The duo of Johnson and Williams -- two big-for-their-position guards skilled at both posting smaller defenders and facilitating in the pick-and-roll, at both stroking the jumper (while Deron's overall field-goal percentage was down last year, his mid-range splits were excellent) and beating close-contesting defenders off the dribble -- will give Avery a boatload of options in the half-court (especially if Joe's truly cool with moving away from all those isolations he used in Atlanta). When healthy, Brook Lopez (18.4 points per 36 minutes on 50.4 percent shooting and 79.6 percent from the foul line for his career) ranks among the game's most talented offensive centers, and after missing all but five games due to foot injuries last year, he's reportedly 100 percent and ready to resume his role as the Nets' primary post threat.

With those three taking the lion's share of the shots, it's difficult to imagine two better role players to fill out the starting lineup than Humphries and Gerald Wallace, both of whom are eminently capable of contributing double-figure scoring based solely off offensive rebounds, transition opportunities and timely cuts made while defenses key on their higher-billed teammates. Plus, Johnson's insertion into the starting lineup should strengthen the bench, as sophomore spark plug MarShon Brooks will now bring his gunner's instincts to the second unit. He'll team with Bosnian stretch four Mirza Teletovic (one of the Euroleague's top scorers and 3-point shooters a season ago, who hit four bombs during Tuesday's preseason matchup with the Boston Celtics) and possibly reclamation project Andray Blatche, who, for all his defensive/conditioning/decision-making/leadership issues, still has plenty of offensive talent. They'll be counted upon to provide scoring punch off the bench alongside guards C.J. Watson, Keith Bogans and rookie Tyshawn Taylor, all of whom can shoot the long ball.
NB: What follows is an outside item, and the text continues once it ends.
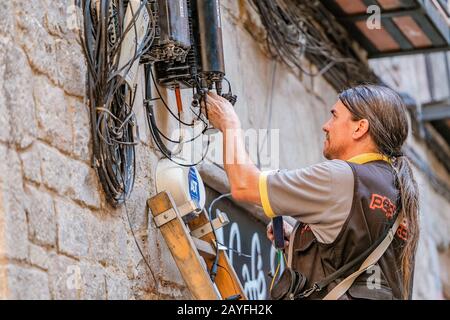 12 JULY 2018, BARCELONA, SPAIN: electrician engineer works with cables in electric network at city street Stock Photo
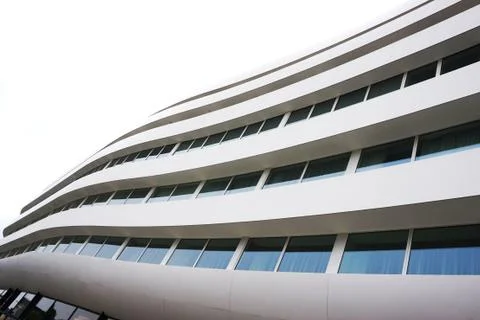 Facade of a modern building of rounded shape in Wroclaw Fotos de archivo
Add it all up, and the result should be a season-long offensive surge in Brooklyn that comes at opponents in waves and has them wishing for the days of Johan Petro. (They will be the only ones.)

What Should Make You Scared: A defense still porous enough to give back many of those offensive gains. While coach Johnson left Dallas with a reputation as a defense-first coach, his New Jersey teams (due, at least in part, to an overall dearth of talent) have struggled mightily in that end, ranking 21st among 30 NBA teams in points allowed per 100 possessions in his first season at the helm and dropping all the way down to 29th last year. They allowed the third-highest opponent field-goal percentage and gave up the league's second-highest 3-point mark, allowing offenses to shoot 61.8 percent within five feet of the basket and a league-worst 43.6 percent from between five and nine feet away. They posted bottom-five finishes in points allowed off turnovers, on the fast break and in the paint, and finished in the bottom third of the league in second-chance points conceded. It was pretty rough, and while the offseason influx of talent should help some, I'm not sure it's going to get much better.

Joe Johnson should represent an improvement over Brooks in the starting lineup, but while he and Williams have both shown the ability to D up in the past and their big backcourt combo should allow them to effectively switch assignments on the fly without conceding too many mismatches, neither one is a true lockdown perimeter defender. A full season of Wallace at small forward should help, too, but fans expecting the lights-out defensive maniac who terrorized opposing wings in Charlotte will be disappointed by the step(s)-slower version of "Crash" they find three years later on the wrong side of 30 -- he's not quite the same guy, and faster swingmen can beat him off the bounce.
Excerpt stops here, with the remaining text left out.